I attempted to solve for t using the quadratic equation in conjunction with the above formula for y. I ended up with two solutions, neither was extraneous from what I could tell. I plugged both in for x and ended up with two answers. One was slightly more than 8 (meaning that the ball landed in), the other was a little over 21 (meaning that the ball landed out). I am lost, which is it and how do I know?

 

[gneill]

You need to include the initial height of the ball (where its launched) when you work with the vertical component of the position.

 

[PEZenfuego]

You need to include the initial height of the ball (where its launched) when you work with the vertical component of the position.

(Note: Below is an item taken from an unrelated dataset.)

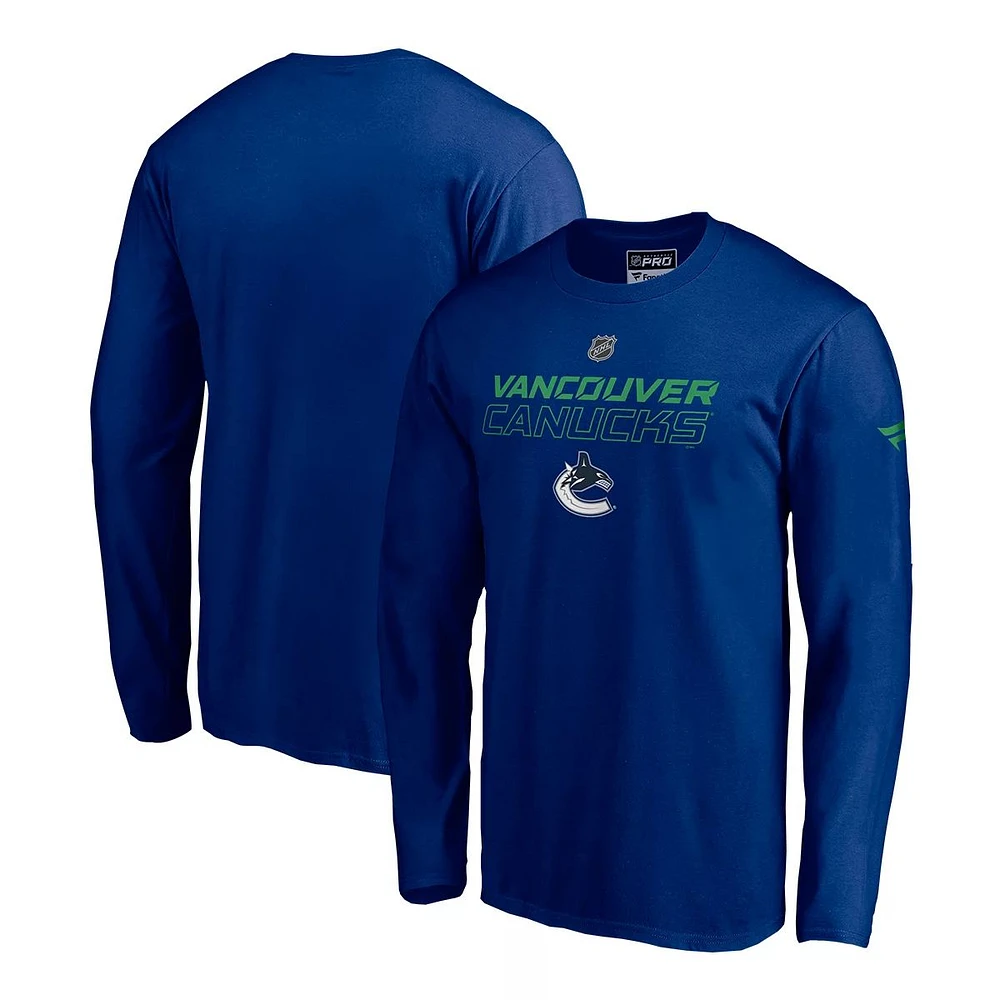 Vancouver Canucks Fanatics Men's Authentic Pro Rinkside Prime Long Sleeve Shirt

Right, and I did. I got the equation deltaY=V.sintheta(t)-0.5gt^2

Rearranged and solve the quadratic equation. I ended up with two answers. One was 0.89 and the other was 0.3437. How am I supposed to determine which is correct and which is not?

 

[gneill]

Right, and I did. I got the equation deltaY=V.sintheta(t)-0.5gt^2

Rearranged and solve the quadratic equation. I ended up with two answers. One was 0.89 and the other was 0.3437. How am I supposed to determine which is correct and which is not?

I'll bet you've set your Δy to a positive value, right But doesn't it FALL from its initial position to hit the ground?

 

[PEZenfuego]

:facepalm: I appreciate the help. I remember running into this same problem in high school. Maybe after learning from the same mistake twice, I won't make it again. Fingers crossed.